◆ Exercise goal: There are pictures in the records below; leave them out and set down exactly the lines from the one holding "Sedih! Momo TWICE" through the one holding "Casa à venda com 592m², 4 quartos e 6 vagas Casa".

Top of Record excerpts

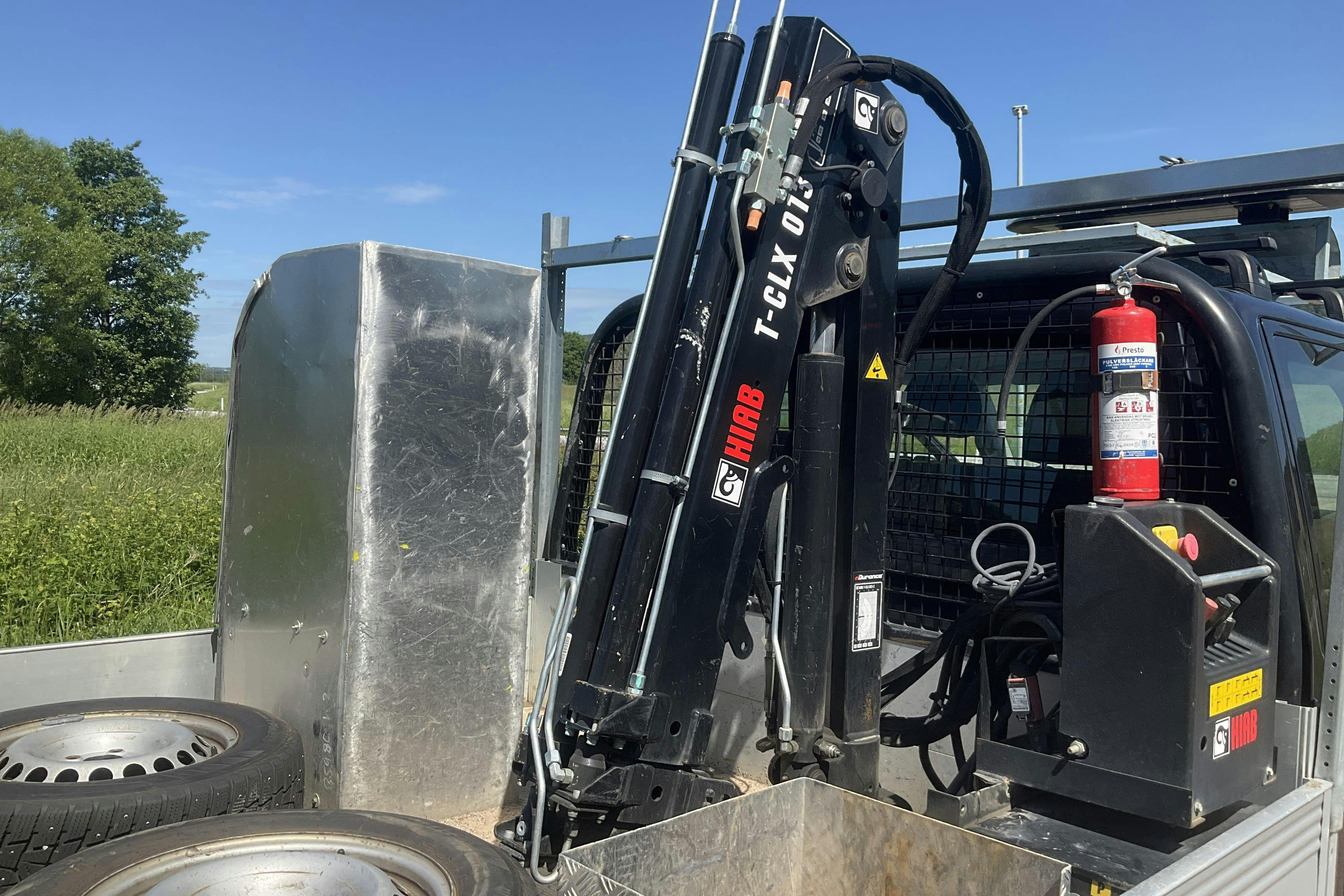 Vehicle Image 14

Bottom of Record excerpts
Top of Record excerpts

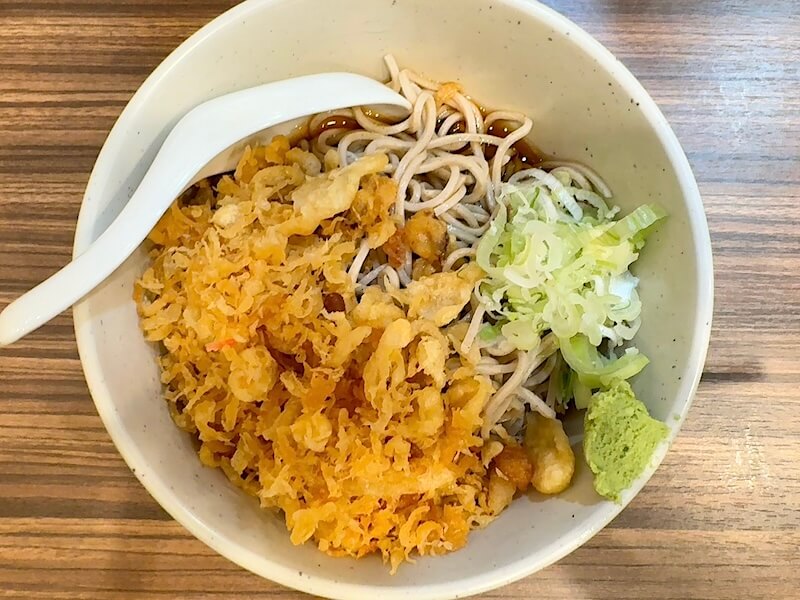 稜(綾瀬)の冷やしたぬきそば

Bottom of Record excerpts
Top of Record excerpts

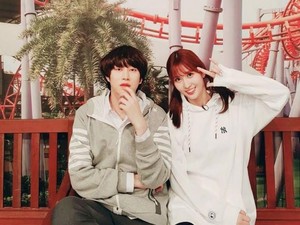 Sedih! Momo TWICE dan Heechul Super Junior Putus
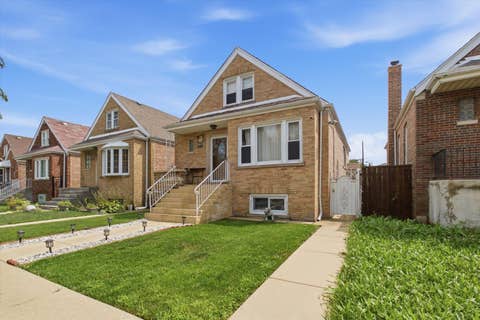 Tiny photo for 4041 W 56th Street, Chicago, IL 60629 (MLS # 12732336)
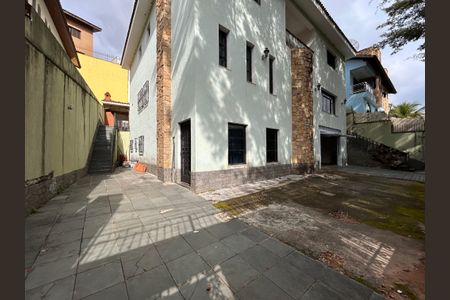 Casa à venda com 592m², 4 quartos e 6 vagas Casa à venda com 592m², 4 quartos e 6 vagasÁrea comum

Bottom of Record excerpts

◆ Answer area:
 Sedih! Momo TWICE dan Heechul Super Junior Putus
 Tiny photo for 4041 W 56th Street, Chicago, IL 60629 (MLS # 12732336)
 Casa à venda com 592m², 4 quartos e 6 vagas Casa à venda com 592m², 4 quartos e 6 vagasÁrea comum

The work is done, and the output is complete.